Task description:
In the listing below, find the line containing "Adobe Photoshop Lightroom" and the line containing "Serenity at Kaplan's Torii Gate 🌅", then copy exactly everything from the first through the second, except the pictures.

Provided data:
__________________________________________________

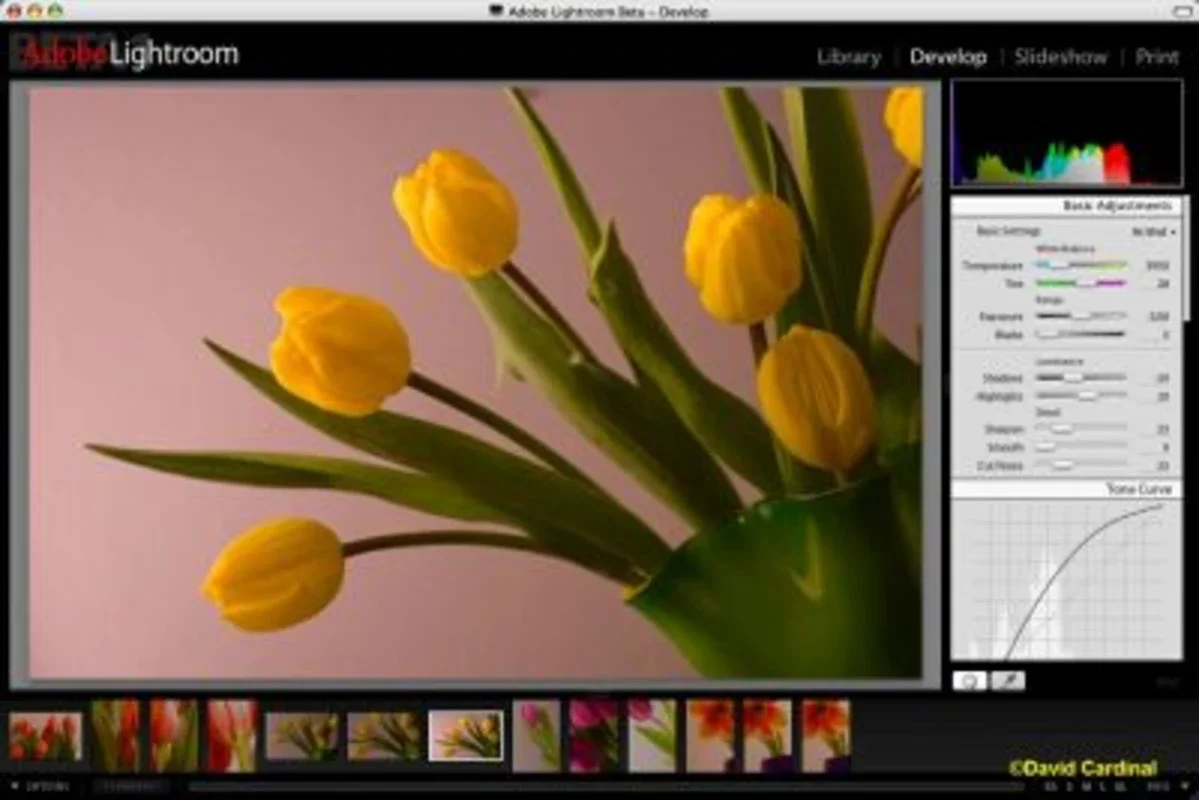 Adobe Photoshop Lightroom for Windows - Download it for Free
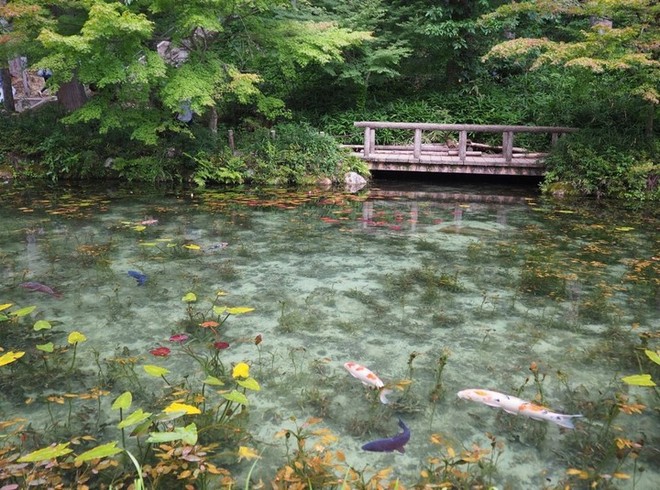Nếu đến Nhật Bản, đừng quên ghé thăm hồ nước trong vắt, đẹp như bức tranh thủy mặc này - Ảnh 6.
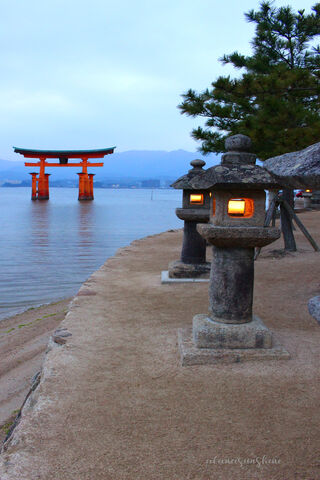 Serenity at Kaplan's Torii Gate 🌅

__________________________________________________

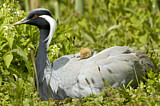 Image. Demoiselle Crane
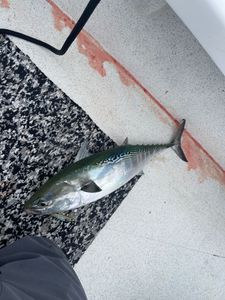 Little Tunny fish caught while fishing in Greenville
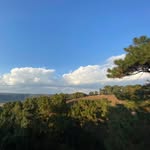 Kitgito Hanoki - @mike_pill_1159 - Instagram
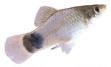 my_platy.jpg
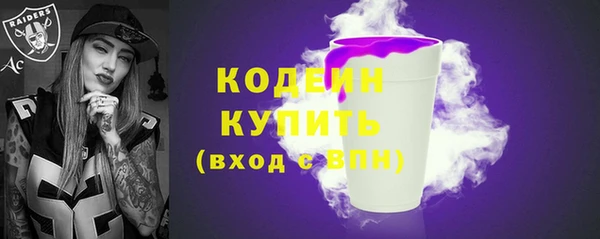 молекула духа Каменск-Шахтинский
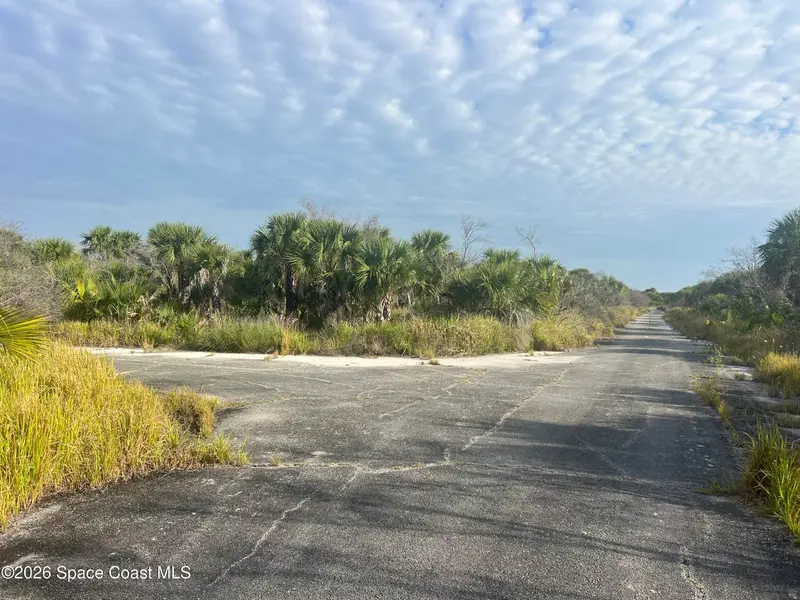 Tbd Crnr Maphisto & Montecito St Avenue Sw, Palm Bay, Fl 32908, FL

__________________________________________________

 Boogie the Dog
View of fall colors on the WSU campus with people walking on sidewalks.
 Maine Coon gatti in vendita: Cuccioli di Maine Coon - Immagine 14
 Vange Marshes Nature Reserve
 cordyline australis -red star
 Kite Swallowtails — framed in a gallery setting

__________________________________________________

Task solution:
 Adobe Photoshop Lightroom for Windows - Download it for Free
Nếu đến Nhật Bản, đừng quên ghé thăm hồ nước trong vắt, đẹp như bức tranh thủy mặc này - Ảnh 6.
 Serenity at Kaplan's Torii Gate 🌅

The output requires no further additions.